Según su costumbre, Medes llevó a cabo su tarea con rigor y diligencia. Todos sus empleados conocían su intransigencia: al primer error, despido. De modo que el servicio del secretario de la Casa del Rey era puesto como ejemplo, incluso por el visir.
Mientras Medes iniciaba la redacción definitiva del decreto, utilizando la terminología oficial, se presentó un visitante inesperado: Iker, el maldito escriba que debería haber desaparecido desde hacía mucho tiempo.
Medes se levantó y se inclinó.
—¡Esta visita me honra, hijo real!
—Vengo en misión oficial, por orden de su majestad.
—Trabajamos todos, y en todas las circunstancias, con la firme voluntad de darle satisfacción. ¿Puedo añadir, a título personal, que me satisface mucho vuestro nombramiento? La corte no podrá impedir las críticas, pero sus chismes perderán fuerza muy pronto. Cuando me necesitéis, no vaciléis ni un instante en decírmelo.
—Vuestra amistad me es muy valiosa, Medes. El rey me ha pedido que le llevara el nuevo decreto a Djehuty, el alcalde de la ciudad de la pirámide de Dachur, y que compruebe las medidas de seguridad.
—Han corrido muchos rumores sobre el último incidente. Espero que la pirámide real no haya sufrido daños.
—El ataque de los terroristas fracasó. El monumento está intacto, y su construcción concluirá muy pronto.

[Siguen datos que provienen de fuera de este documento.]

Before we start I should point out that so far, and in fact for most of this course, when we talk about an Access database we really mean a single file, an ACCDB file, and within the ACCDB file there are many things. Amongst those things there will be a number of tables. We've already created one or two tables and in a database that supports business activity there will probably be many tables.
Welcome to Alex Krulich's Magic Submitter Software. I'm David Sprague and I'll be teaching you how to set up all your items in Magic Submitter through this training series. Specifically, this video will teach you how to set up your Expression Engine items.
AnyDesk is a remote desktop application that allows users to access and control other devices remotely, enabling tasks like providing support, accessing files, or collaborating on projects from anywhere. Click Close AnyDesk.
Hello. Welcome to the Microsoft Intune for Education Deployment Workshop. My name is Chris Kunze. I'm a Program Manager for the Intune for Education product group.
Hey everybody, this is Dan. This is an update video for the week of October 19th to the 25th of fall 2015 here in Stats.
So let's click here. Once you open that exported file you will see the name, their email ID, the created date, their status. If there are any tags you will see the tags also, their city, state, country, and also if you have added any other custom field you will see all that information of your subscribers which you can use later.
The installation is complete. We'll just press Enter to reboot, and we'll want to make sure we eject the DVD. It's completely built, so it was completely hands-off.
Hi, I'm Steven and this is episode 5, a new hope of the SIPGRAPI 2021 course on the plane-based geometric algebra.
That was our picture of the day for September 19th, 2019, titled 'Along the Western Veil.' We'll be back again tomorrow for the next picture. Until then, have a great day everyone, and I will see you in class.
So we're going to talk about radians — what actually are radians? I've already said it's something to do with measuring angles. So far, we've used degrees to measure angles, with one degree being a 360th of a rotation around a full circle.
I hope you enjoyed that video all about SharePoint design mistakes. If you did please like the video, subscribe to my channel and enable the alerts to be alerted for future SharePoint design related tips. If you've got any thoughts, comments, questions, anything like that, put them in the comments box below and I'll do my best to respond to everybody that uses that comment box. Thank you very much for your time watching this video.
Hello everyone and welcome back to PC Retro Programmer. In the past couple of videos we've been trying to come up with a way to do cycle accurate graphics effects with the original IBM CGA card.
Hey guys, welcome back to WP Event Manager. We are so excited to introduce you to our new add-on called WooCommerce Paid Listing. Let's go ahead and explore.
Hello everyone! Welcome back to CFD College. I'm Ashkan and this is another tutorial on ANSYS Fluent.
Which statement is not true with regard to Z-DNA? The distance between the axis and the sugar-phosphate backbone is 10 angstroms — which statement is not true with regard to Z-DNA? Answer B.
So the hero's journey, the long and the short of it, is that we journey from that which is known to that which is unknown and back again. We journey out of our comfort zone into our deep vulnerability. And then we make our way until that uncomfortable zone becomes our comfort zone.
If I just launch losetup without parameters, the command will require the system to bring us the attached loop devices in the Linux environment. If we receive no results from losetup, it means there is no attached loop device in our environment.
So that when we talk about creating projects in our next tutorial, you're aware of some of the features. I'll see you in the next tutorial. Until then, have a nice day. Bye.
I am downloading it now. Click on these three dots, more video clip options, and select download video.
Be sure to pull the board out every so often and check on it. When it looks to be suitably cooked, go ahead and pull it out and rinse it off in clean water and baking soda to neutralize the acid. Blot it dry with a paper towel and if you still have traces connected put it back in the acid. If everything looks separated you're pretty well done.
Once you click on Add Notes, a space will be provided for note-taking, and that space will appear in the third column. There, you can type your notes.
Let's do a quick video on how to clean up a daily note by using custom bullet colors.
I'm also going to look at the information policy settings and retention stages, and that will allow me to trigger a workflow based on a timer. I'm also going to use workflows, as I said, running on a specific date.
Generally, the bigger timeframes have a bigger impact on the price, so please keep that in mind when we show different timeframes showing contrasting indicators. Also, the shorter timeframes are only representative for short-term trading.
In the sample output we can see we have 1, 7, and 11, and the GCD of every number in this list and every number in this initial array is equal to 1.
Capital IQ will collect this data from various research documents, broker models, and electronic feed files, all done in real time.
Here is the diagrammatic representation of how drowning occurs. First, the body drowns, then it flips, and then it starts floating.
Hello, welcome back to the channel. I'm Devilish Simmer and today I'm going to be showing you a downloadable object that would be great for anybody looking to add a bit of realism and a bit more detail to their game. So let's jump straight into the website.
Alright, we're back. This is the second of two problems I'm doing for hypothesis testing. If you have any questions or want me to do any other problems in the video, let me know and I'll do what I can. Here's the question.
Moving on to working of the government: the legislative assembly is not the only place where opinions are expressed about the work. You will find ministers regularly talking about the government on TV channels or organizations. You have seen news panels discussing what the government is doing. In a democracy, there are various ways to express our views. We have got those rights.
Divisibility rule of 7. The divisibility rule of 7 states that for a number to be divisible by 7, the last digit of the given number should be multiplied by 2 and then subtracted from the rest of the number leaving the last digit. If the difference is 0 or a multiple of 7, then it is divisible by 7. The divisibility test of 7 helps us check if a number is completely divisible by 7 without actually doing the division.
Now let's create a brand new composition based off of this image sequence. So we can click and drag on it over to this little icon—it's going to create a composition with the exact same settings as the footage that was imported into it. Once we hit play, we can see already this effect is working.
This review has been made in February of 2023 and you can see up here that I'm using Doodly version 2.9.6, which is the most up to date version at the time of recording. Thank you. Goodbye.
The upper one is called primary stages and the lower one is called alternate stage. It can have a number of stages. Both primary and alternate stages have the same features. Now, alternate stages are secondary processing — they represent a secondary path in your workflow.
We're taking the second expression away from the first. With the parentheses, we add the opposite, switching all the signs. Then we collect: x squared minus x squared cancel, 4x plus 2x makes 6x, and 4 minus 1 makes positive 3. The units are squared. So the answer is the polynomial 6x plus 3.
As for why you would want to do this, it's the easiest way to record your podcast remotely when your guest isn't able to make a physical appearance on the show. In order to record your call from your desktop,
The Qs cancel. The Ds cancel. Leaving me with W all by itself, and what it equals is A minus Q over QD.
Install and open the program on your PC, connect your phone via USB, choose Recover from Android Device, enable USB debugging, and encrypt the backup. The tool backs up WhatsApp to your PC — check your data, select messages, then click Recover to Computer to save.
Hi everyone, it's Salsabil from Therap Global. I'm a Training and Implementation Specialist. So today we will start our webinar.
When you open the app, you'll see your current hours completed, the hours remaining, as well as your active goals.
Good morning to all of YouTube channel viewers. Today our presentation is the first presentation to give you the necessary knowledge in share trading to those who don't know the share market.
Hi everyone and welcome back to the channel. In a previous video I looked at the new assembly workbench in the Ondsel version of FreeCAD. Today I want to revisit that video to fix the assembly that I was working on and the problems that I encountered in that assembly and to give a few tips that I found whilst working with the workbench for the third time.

—Algunos afirman que os comportasteis como un héroe.
—Se equivocan, Medes.
—¡No os subestiméis, Iker! Muchos fanfarrones que proclaman su valor huyen ante el menor peligro. ¡Vos os enfrentasteis con temibles bandidos!
—El mérito de la victoria corresponde a Djehuty. Gracias a su sangre fría evitamos lo peor.
El muchacho no mencionaba la decisiva intervención de Sekari por necesidad de respetar el secreto. Muy pocos conocían el papel real de su amigo.
—Tendré el documento a vuestra disposición mañana por la mañana —prometió Medes—. Felicitad de mi parte a Djehuty y deseadle que se mejore. La construcción de la pirámide de Dachur será uno de los numerosos hitos del reinado.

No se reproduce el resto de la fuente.